**** Data segment

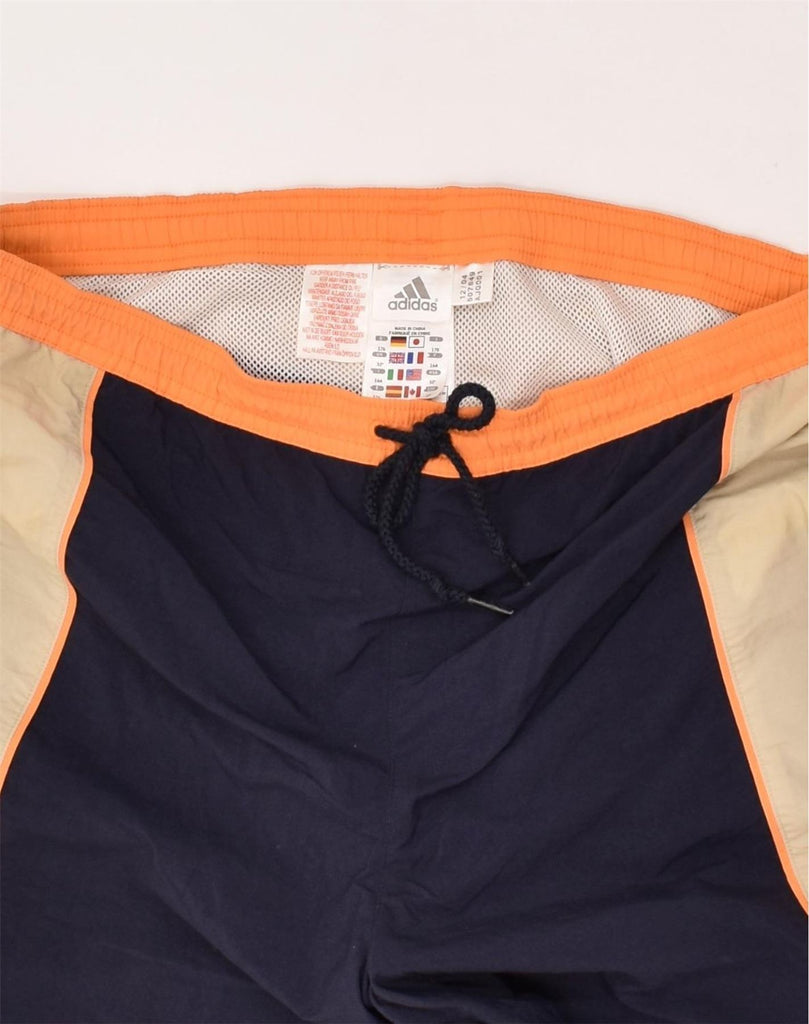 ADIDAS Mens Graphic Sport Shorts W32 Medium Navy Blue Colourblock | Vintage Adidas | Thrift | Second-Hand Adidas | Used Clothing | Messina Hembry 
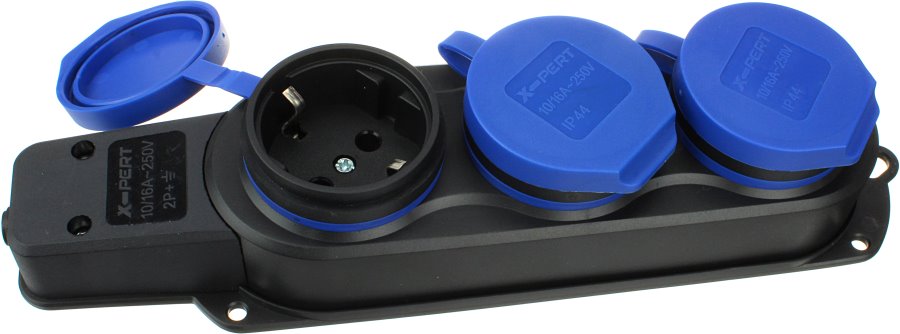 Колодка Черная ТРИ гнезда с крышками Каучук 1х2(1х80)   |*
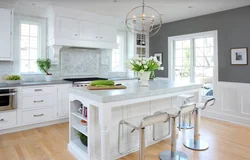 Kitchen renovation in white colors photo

********

* _Task requirements_
Without including any picture, write out the material above verbatim.

* _Response to this task_
 ADIDAS Mens Graphic Sport Shorts W32 Medium Navy Blue Colourblock | Vintage Adidas | Thrift | Second-Hand Adidas | Used Clothing | Messina Hembry 
 Колодка Черная ТРИ гнезда с крышками Каучук 1х2(1х80)   |*
 Kitchen renovation in white colors photo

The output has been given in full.